China has been undergoing reforms in its economic and military sector that leads to its growth as a nation with the potential of becoming a superpower alongside the United States of America. In the late seventies, the country’s economy was marked with a remarkable growth which also positively affected the world’s growth rate. It has developed strong trade and investment transactions across the globe. With its great population, the country’s impending ability to maintain the growth is indisputable. The changes in their military policies implemented in the mid-eighties and lessons from the Gulf War led to the adoption of a program that transformed the military (Harding, 1992 p. 35). China developing into a superpower will intensify the differences they have with the US on leadership and military armament which can be resolved by the balance of power theory.
The People’s Republic of China rising as a superpower is a potential intimidation to the United States and the West. China and America have had a prominent relationship in many aspects although they contrast in some (Sutter, 2010 p.142). Taiwan is one of the major causes of strain in the relations; China considers it as a defector province. Taiwan faces the danger of being forcefully ruled by China and as much as the US provides China with armory, it does not fully support them in this.

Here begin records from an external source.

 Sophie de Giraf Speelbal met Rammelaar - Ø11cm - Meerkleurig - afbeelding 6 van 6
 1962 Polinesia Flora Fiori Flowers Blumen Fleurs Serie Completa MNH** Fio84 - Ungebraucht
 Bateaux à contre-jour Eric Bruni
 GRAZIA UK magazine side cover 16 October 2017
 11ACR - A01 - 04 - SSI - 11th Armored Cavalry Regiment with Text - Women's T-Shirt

When China passed the “Anti-Secession” law which blocked Taiwan from gaining independence, the US officials saw this as a threat since China’s escalating economic and military power may favor them in governing Taiwan (Sutter, 2010 p.186). In 2010, the US announced about the selling arms to Taiwan, and China countered this by cautioning them that by selling arms to Taiwan, their regional and international collaborations may be jeopardized thus reprimanding the hardware construction companies in Taiwan.
Another issue that brings about disparity between the two states is how China is worryingly investing in its military. The US and the West have great belief that the expenditure has a sinister motive and see them as a danger to other countries as well as a prospective challenge to them. (Harding, 1992 p. 107).While the US is worried about China’s military budget, they have four times higher military expenditure than that of China. The US has tried to control this by embarking on military-to-military tasks with China, but the latter has been denying it forcing them to appear in a military contest.

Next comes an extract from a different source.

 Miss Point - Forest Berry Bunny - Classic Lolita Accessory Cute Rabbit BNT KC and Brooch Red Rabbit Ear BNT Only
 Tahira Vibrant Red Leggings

China’s becoming a superpower poses a security threat since they are well-equipped and through their growing statistics, they are progressively gaining the status (Sutter, 2010 p.209). They have to be controlled from being security hazards by all means. One way of solving the issue is by using the balance of power theory. This theory demonstrates how power is disseminated among states leading to a situation where no single state rules the system (Niou, 2006 p.23).

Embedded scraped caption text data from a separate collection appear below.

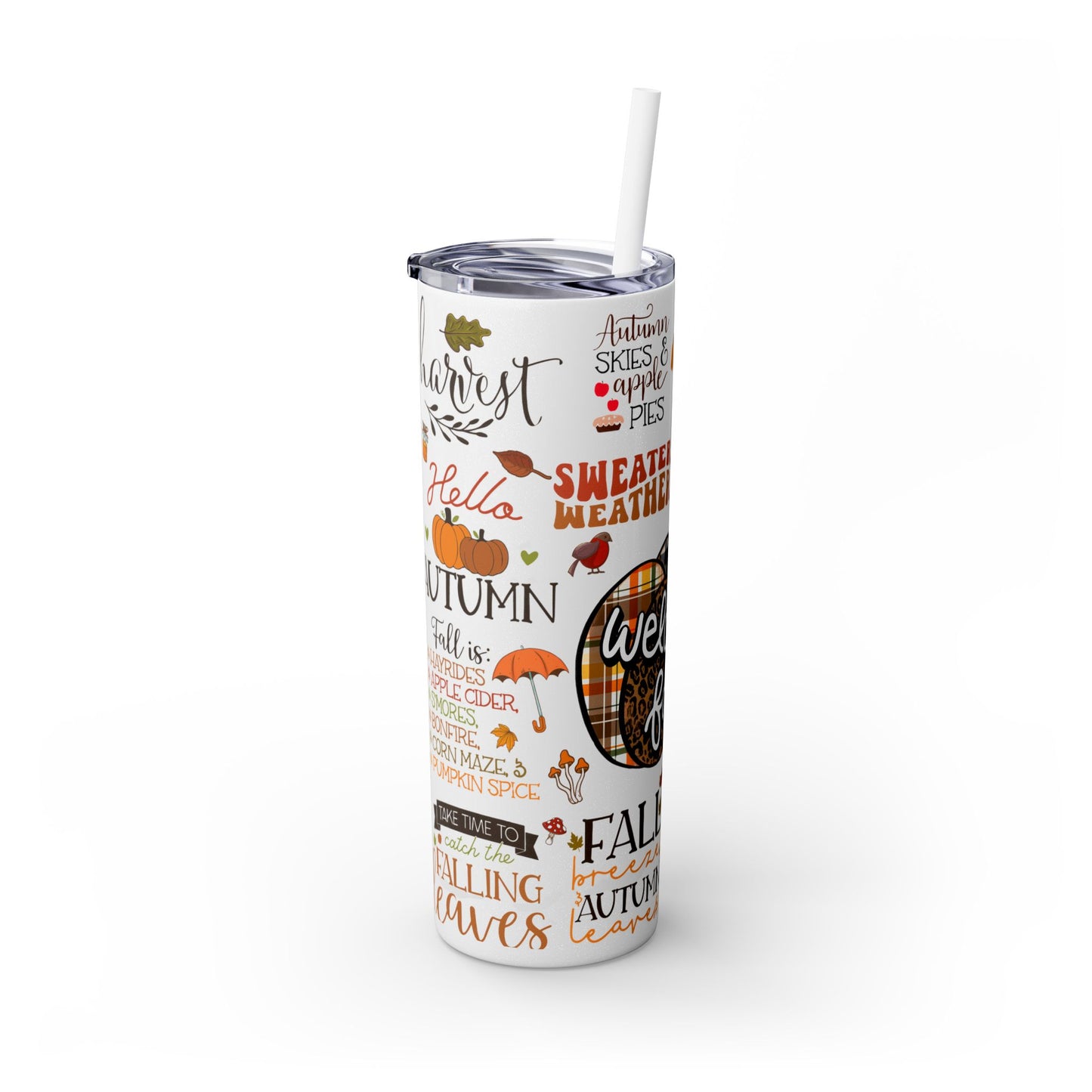 Skinny Tumbler with Straw, 20oz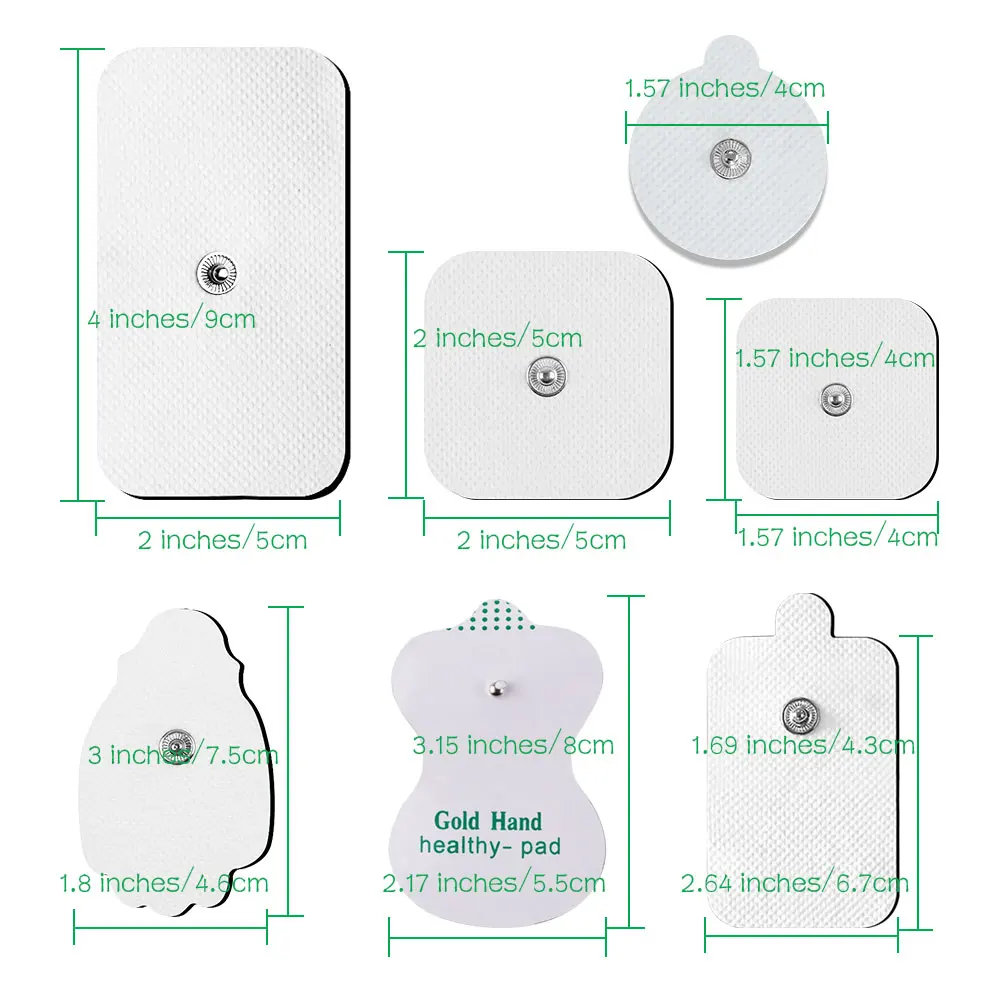 10 20Pcs Non-woven Fabric Self Adhesive Reusable Electrode Patches TENS Unit EMS Muscle Stimulator Replacement Electrode Pads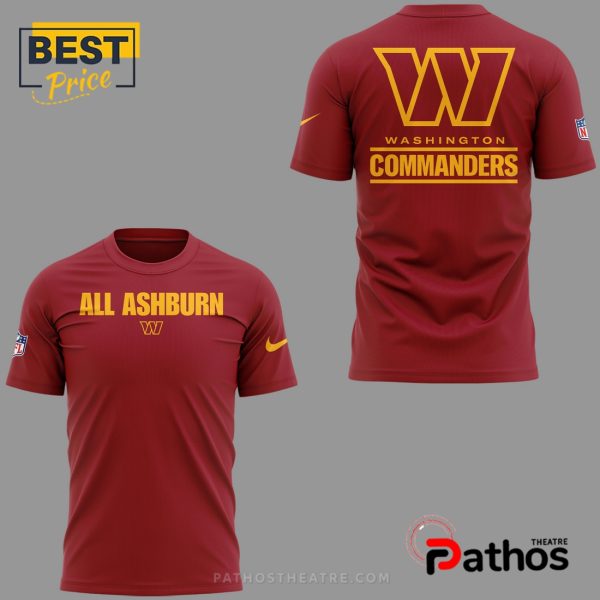 Washington Commanders All Ashburn Red Hoodie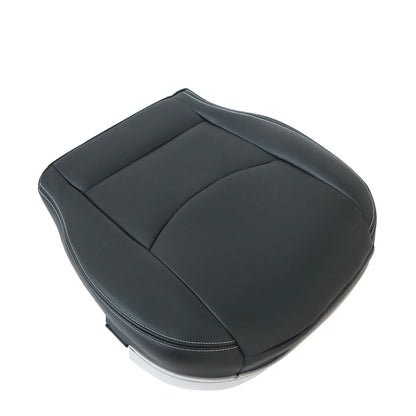 For 09-14 Mazda MX-5 Miata Passenger Bottom Replacement Leather Seat Cover Black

In the realism school of thought, pessimists believe that when China achieves the superpower status, it will misuse the power. Through realist optimism, America has supremacy over China and can confidently sideline China as a security threat. Realist optimists also ascertain that China is not capable of endangering the international system without conflicts. Currently, China is not in a position to take over US’s domination despite its massive economic growth (Fortmann, Paul, & Wirtz, 2004 p. 143).
Realist optimism considers that both America and China want peace since conflicts are pricey. Throughout the history, both countries appreciate the value of harmony and through cooperation they can coexist and avoid foreign interference.